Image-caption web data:
------------------------------------

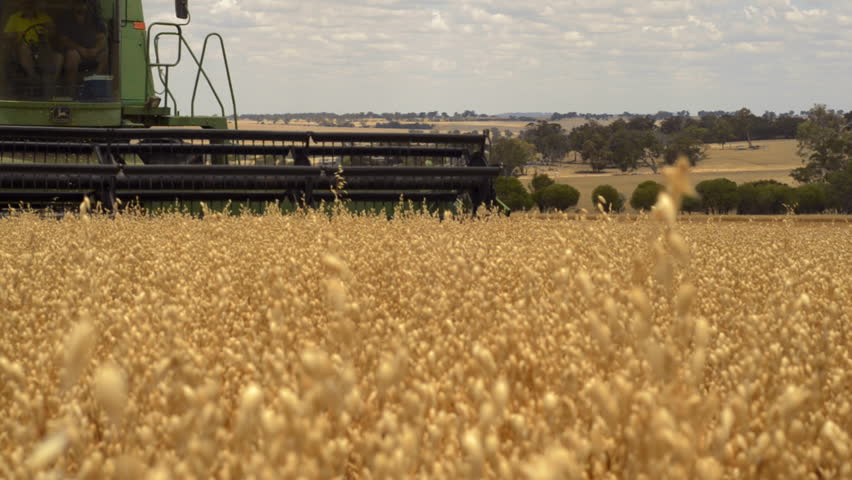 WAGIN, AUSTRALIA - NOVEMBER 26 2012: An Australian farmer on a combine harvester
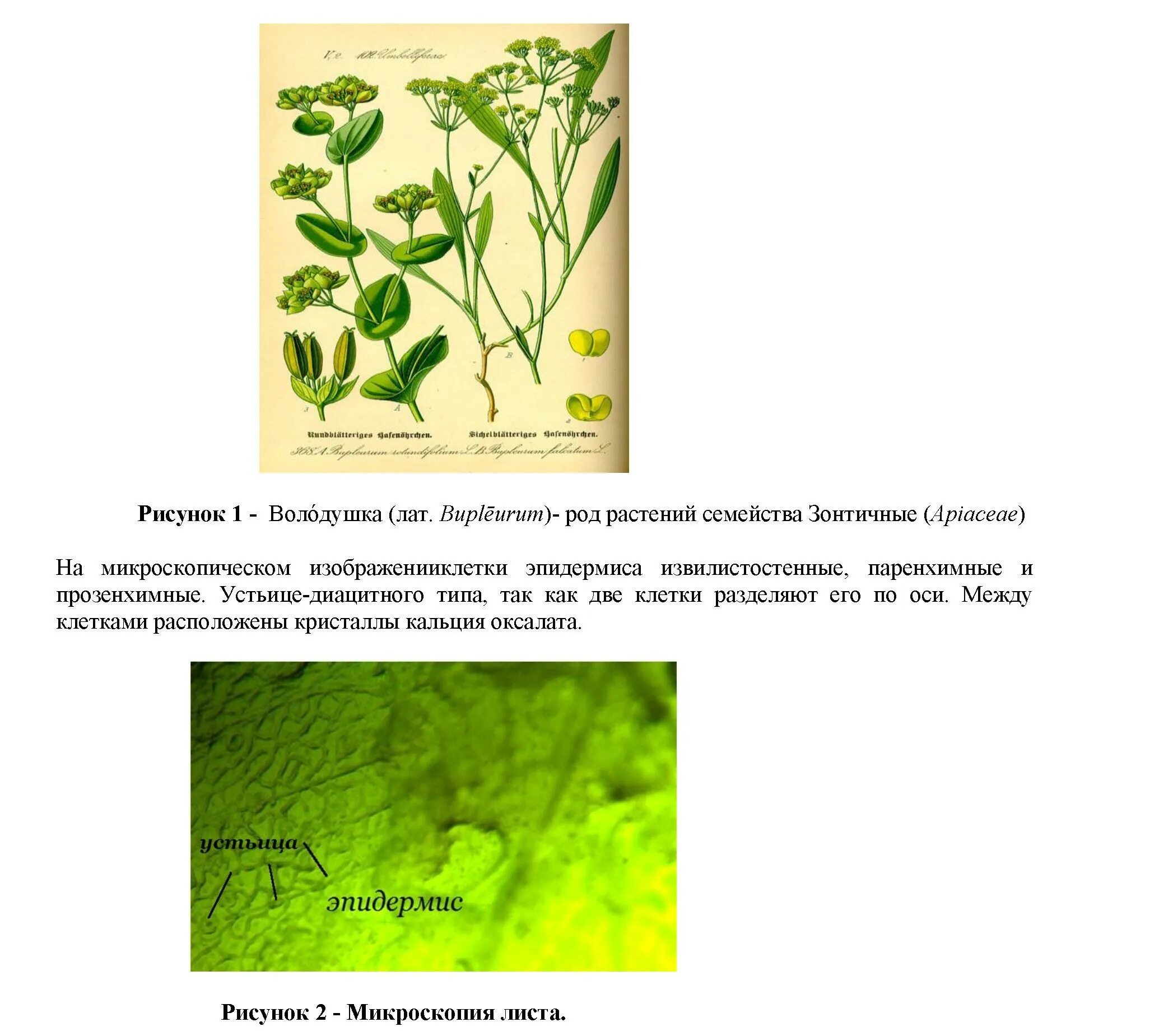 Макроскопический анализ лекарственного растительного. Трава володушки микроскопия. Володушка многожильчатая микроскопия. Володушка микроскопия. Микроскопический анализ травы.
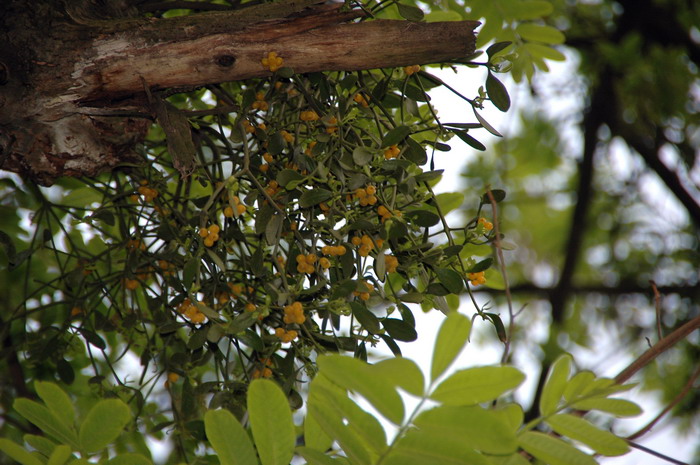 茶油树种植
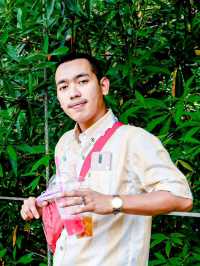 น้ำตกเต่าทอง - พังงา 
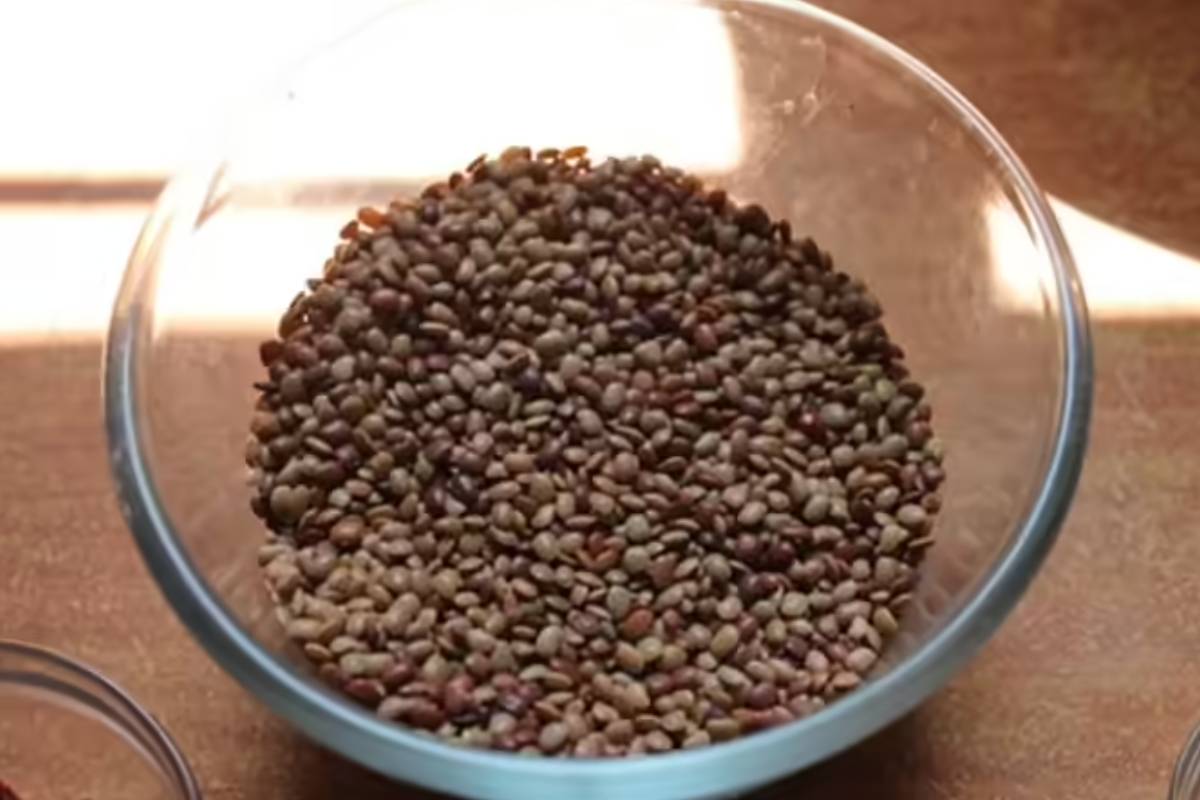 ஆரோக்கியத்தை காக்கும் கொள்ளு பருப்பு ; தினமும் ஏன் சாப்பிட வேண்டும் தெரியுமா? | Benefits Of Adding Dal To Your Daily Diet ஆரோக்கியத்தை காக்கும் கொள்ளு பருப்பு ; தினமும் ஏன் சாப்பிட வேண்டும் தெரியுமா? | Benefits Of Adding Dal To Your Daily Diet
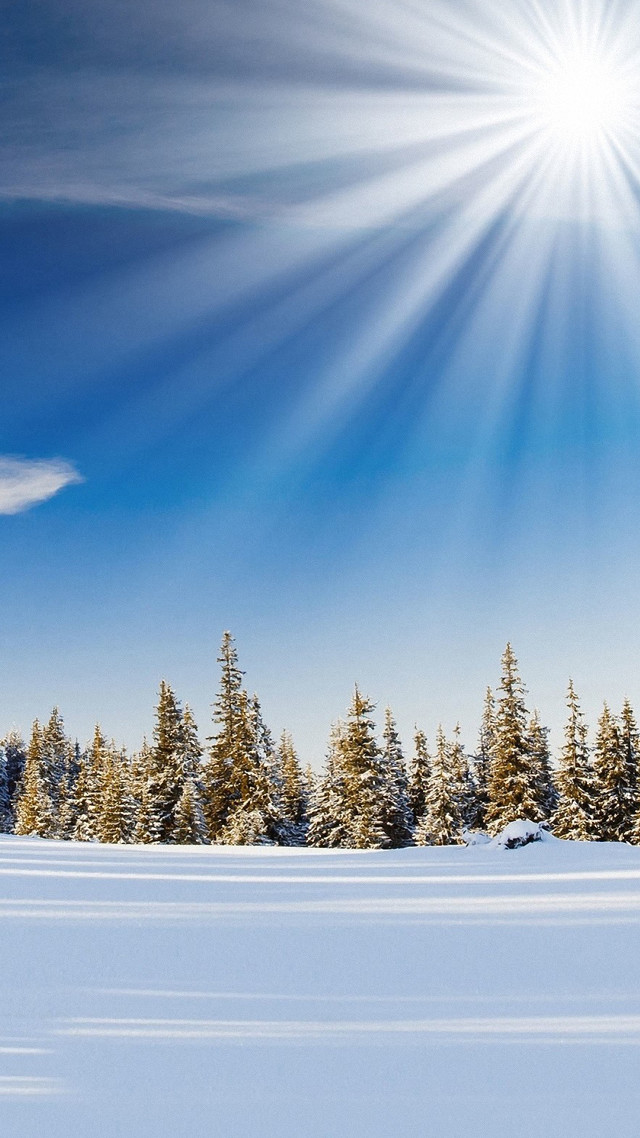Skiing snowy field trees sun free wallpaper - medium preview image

------------------------------------

§ Task item: Please write out all of the data verbatim, with no pictures in the copy.

§ Answer to this exercise:
 WAGIN, AUSTRALIA - NOVEMBER 26 2012: An Australian farmer on a combine harvester
 Макроскопический анализ лекарственного растительного. Трава володушки микроскопия. Володушка многожильчатая микроскопия. Володушка микроскопия. Микроскопический анализ травы.
 茶油树种植
 น้ำตกเต่าทอง - พังงา 
 ஆரோக்கியத்தை காக்கும் கொள்ளு பருப்பு ; தினமும் ஏன் சாப்பிட வேண்டும் தெரியுமா? | Benefits Of Adding Dal To Your Daily Diet ஆரோக்கியத்தை காக்கும் கொள்ளு பருப்பு ; தினமும் ஏன் சாப்பிட வேண்டும் தெரியுமா? | Benefits Of Adding Dal To Your Daily Diet
Skiing snowy field trees sun free wallpaper - medium preview image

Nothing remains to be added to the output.